Brief descriptive captions:
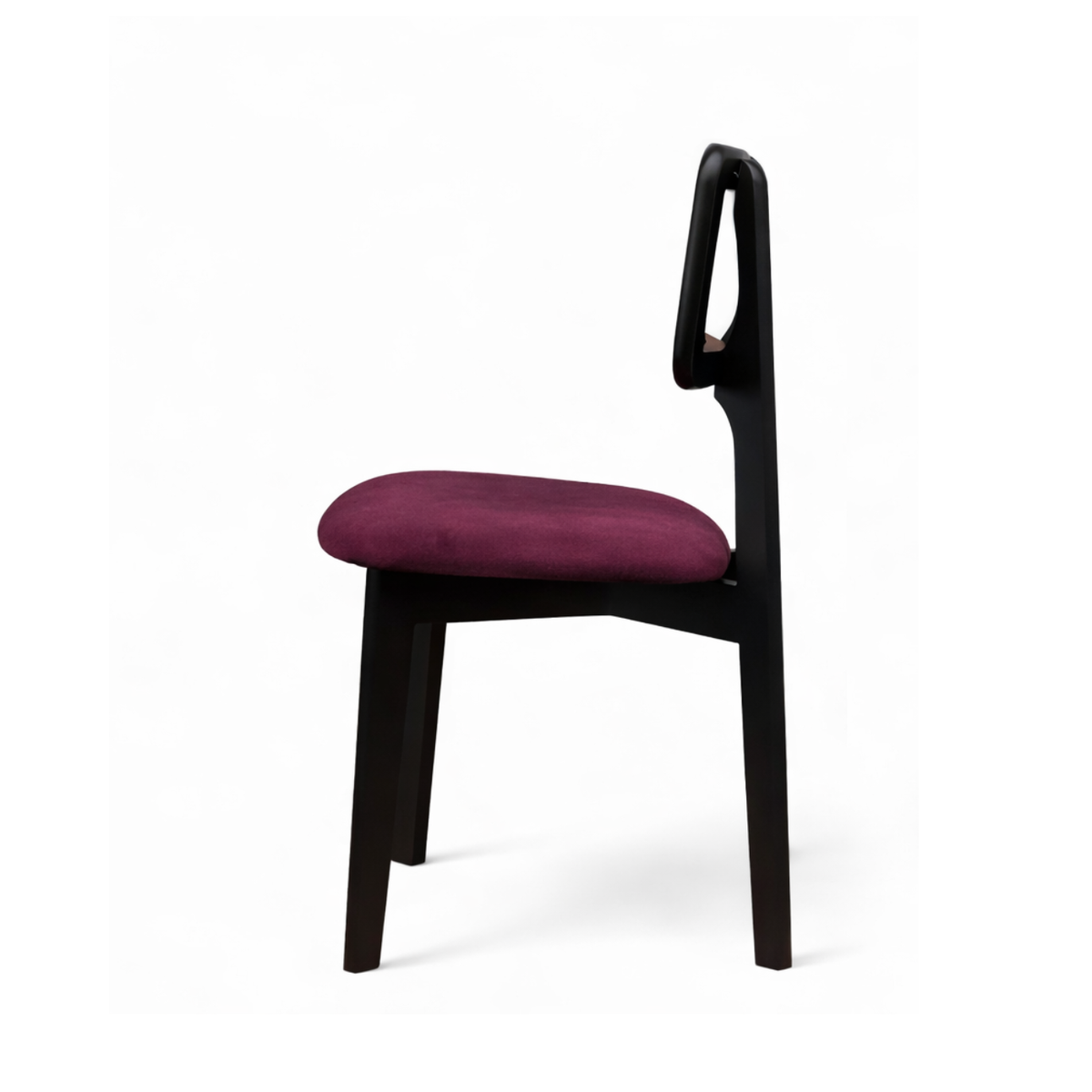 Black Wood Rattan Dining Chair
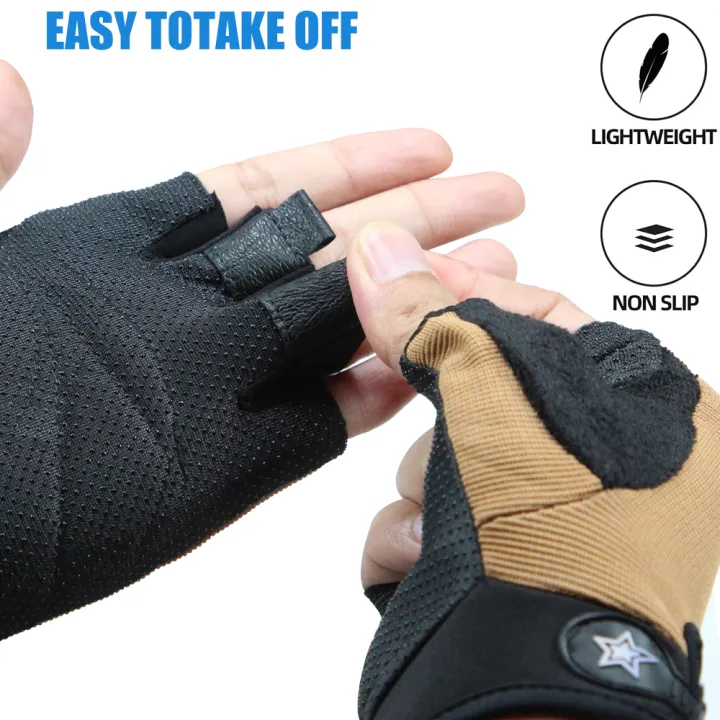 Bicycle%20Mountain%20Bike%20Gloves%20Bicycle%20Sports%20Breathable%20Gloves%201%20Pair%20Half%20Finger%20Summer%20Riding%20Non-Slip%20Golf,%20Gloves%20-%20Image%205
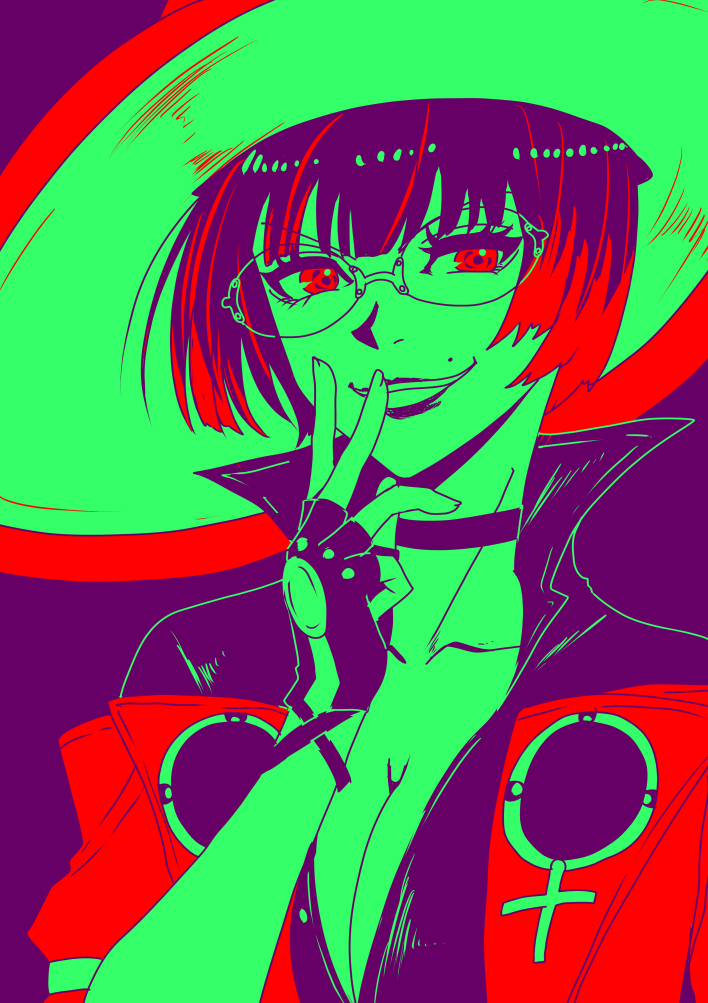 3色で描いた　TESTAMENT　と　I-No
お気に入り。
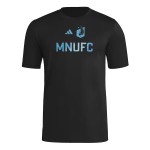 Men's Minnesota United FC 2025 Third Hook AEROREADY Shirt - Black Men's Minnesota United FC 2025 Third Hook AEROREADY Shirt - Black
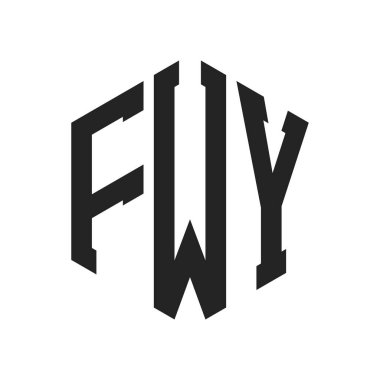 FWY Logo Tasarımı. Altıgen şekil kullanan ilk Harf FWY Monogram Logosu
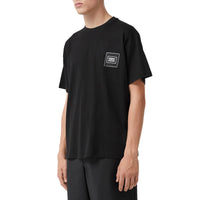 T-shirt en coton avec logo appliqué - Black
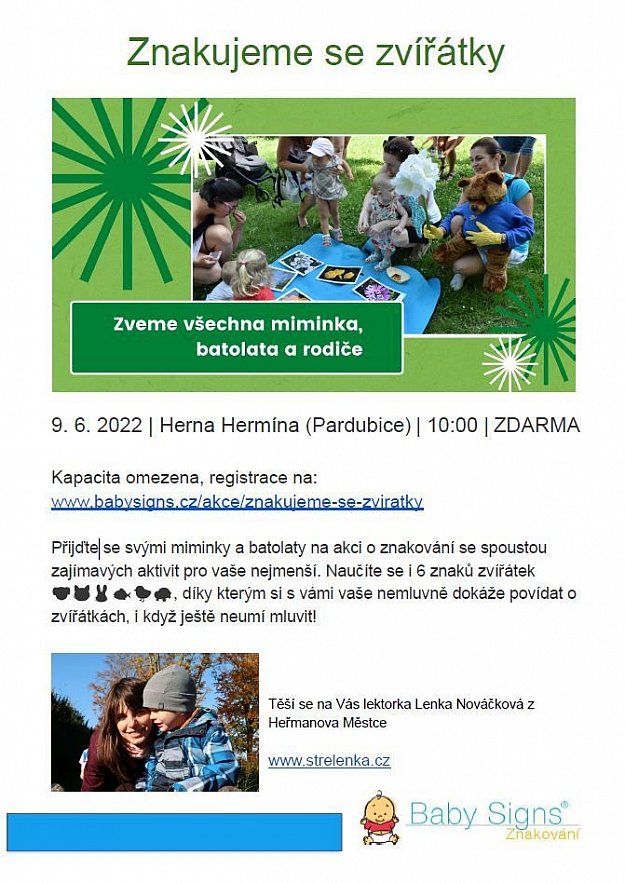 Znakujeme se zvířátky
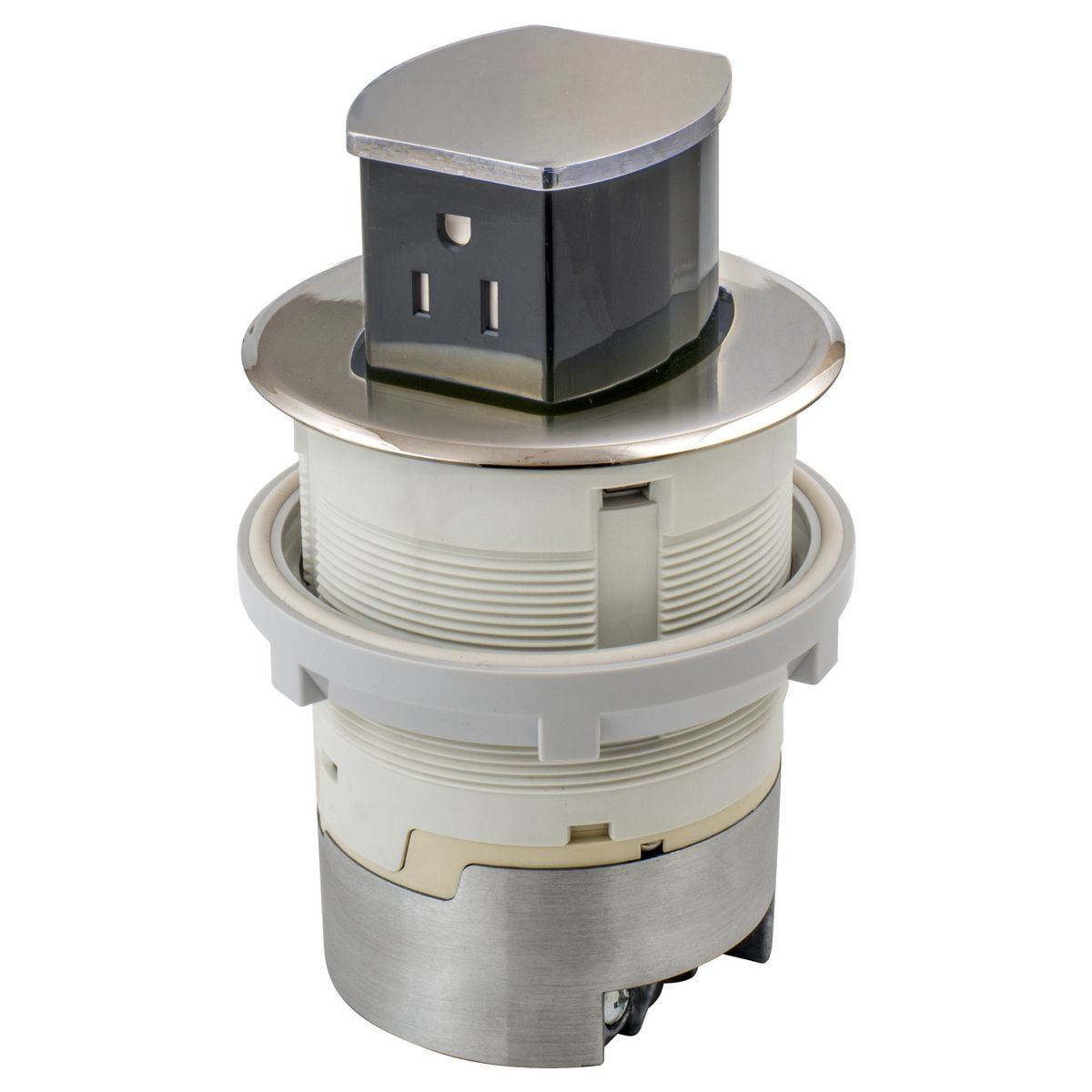 15A Kitchen Counter Receptacle, Surface Mount, Nickel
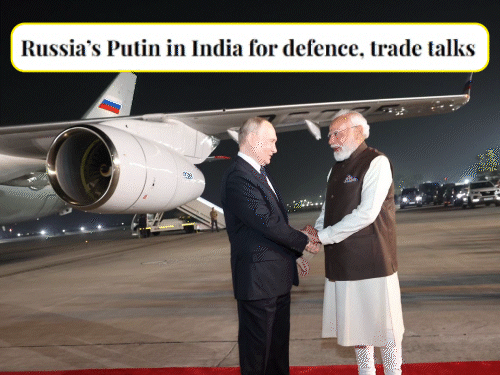 पुतिन के भारत दौरे पर वर्ल्ड मीडिया:BBC ने कहा- अमेरिकी दबाव के बीच पुतिन भारत पहुंचे, यूक्रेनी मीडिया ने लिखा- भारतीय डिप्लोमेसी की परीक्षा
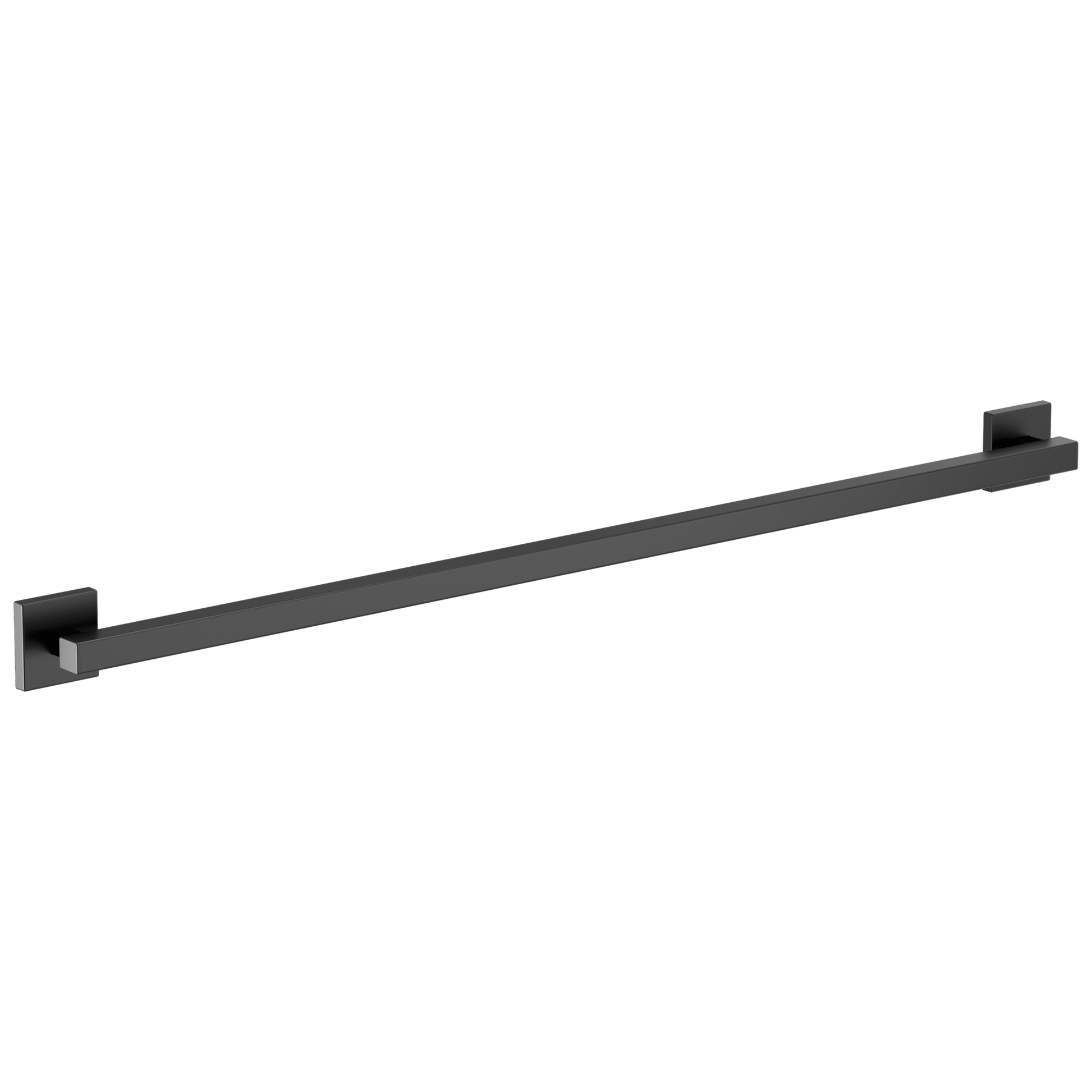 Brizo 42" Linear Square Grab Bar - Matte Black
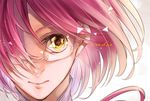  1boy gold_eyes gowther male_focus nanatsu_no_taizai pink_hair short_hair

| TASK DETAILS |
Return every line of the records exactly as given, pictures excluded.

| ANSWER SPACE |
 Black Wood Rattan Dining Chair
 Bicycle%20Mountain%20Bike%20Gloves%20Bicycle%20Sports%20Breathable%20Gloves%201%20Pair%20Half%20Finger%20Summer%20Riding%20Non-Slip%20Golf,%20Gloves%20-%20Image%205
 3色で描いた　TESTAMENT　と　I-No
お気に入り。
 Men's Minnesota United FC 2025 Third Hook AEROREADY Shirt - Black Men's Minnesota United FC 2025 Third Hook AEROREADY Shirt - Black
 FWY Logo Tasarımı. Altıgen şekil kullanan ilk Harf FWY Monogram Logosu
 T-shirt en coton avec logo appliqué - Black
 Znakujeme se zvířátky
 15A Kitchen Counter Receptacle, Surface Mount, Nickel
 पुतिन के भारत दौरे पर वर्ल्ड मीडिया:BBC ने कहा- अमेरिकी दबाव के बीच पुतिन भारत पहुंचे, यूक्रेनी मीडिया ने लिखा- भारतीय डिप्लोमेसी की परीक्षा
 Brizo 42" Linear Square Grab Bar - Matte Black
  1boy gold_eyes gowther male_focus nanatsu_no_taizai pink_hair short_hair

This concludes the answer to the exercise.